May 4, 2024

Economix Blog: Europe Disappoints. Again.

This week some smart people thought they knew what was going to happen in Europe.

FLOYD NORRIS

FLOYD NORRIS

Notions on high and low finance.

European and American officials thought there was a deal that would be worked out to provide the needed funding by printing money. There would be concessions to German demands for fiscal purity, but it would accept the need for drastic action.

Here’s the plan that some thought was all but a sure thing:

The central banks would find a way to pump in zillions of euros in liquidity. There would be more government bond purchases by the European Central Bank, but the more important part was to involve the International Monetary Fund. There was talk of a convoluted deal whereby the I.M.F. would get funding from European central banks and then lend money to European countries. The I.M.F. always attaches strings to loans, so this would not be free money for governments that could therefore abandon fiscal restraint, but it would solve the immediate problem.

Then Mario Draghi, the head of the E.C.B., threw cold water on I.M.F. involvement at his news conference today. And he said he had not meant to signal more bond purchases by the E.C.B. when he spoke to the European Parliament last week.

As he talked, stock and government bond markets went into reverse. The euro lost ground against the dollar.
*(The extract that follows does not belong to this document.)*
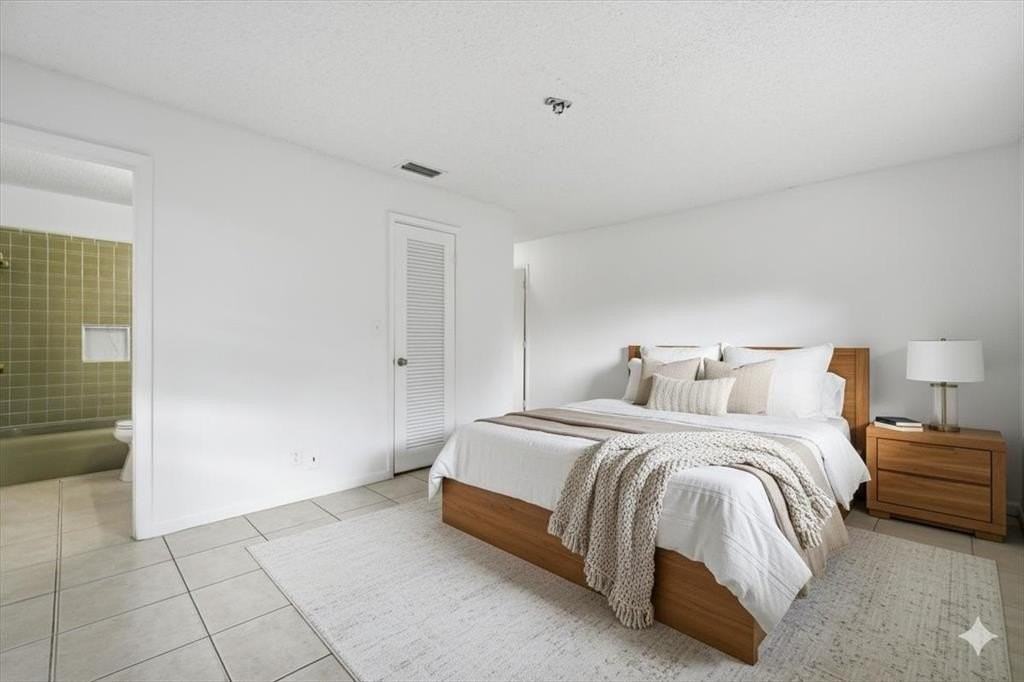 10151 Northwest 35th Street #2A - Photo 5 of 32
On Wednesday, 10-year Italian bonds traded to yield about 6 percent. A day later the figure is 6.5 percent. Spanish yields went from 5.4 percent to 5.8 percent.

Those yields are not back to the highs before Mr. Draghi started the positive talk, but they are heading in that direction.

In an editorial today, The Financial Times wrote:

Time and time again over the past 18 months, European leaders have pledged to do “whatever it takes” to preserve the single currency. Just as often their subsequent actions, or lack of them, have belied these fine words.

The failure to fill in the gap between rhetoric and reality has taken the eurozone, and the world, to a perilous place. Fear about the ability of states to service their debts has become self-reinforcing. Absent a radical shift in market psychology, the very core of the eurozone is at risk. The break-up of the single currency, once dismissed as unthinkable, is now openly spoken of as a possibility.

It looks like this week’s summit meeting is going to produce more of the same.